→ MATERIAL PROVIDED
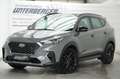 Hyundai TUCSON BHW Tucson N-Line Plus 1,6 CRDi 4WD DCT t0b74o Grau - thumbnail 2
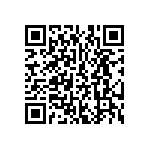 SMBG5370AE3-TR13 QRCode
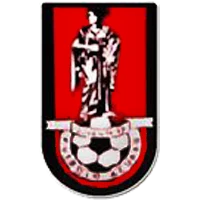 Juventa-99 Šiauliai
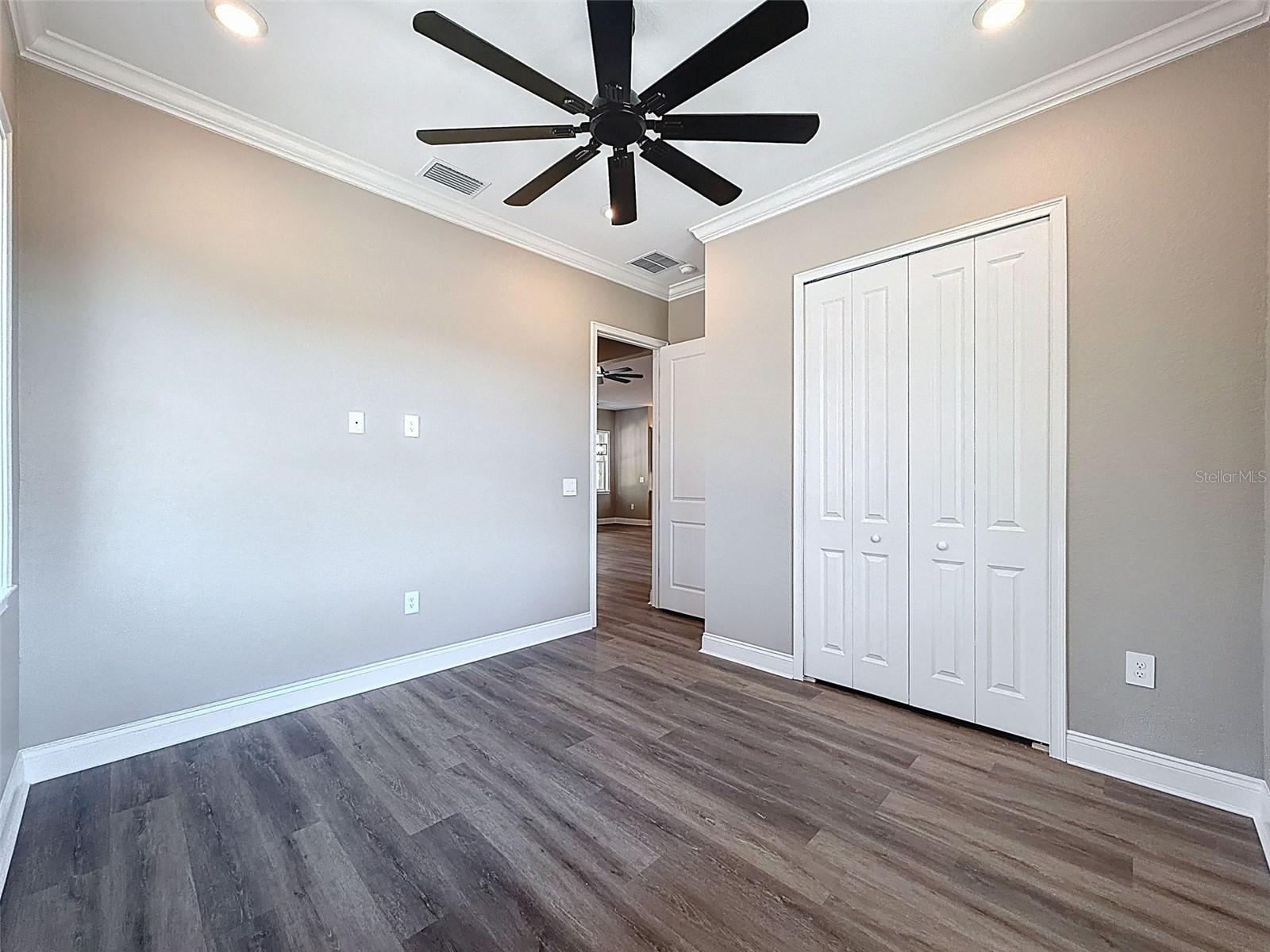 Image 59 of 76 For 2407 Old Medulla Road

→ WORK TASK
Pictures must be left out. Repeat exactly the lines from the one containing "SMBG5370AE3-TR13 QRCode" through the final line of the data.

→ TASK RESPONSE
 SMBG5370AE3-TR13 QRCode
 Juventa-99 Šiauliai
 Image 59 of 76 For 2407 Old Medulla Road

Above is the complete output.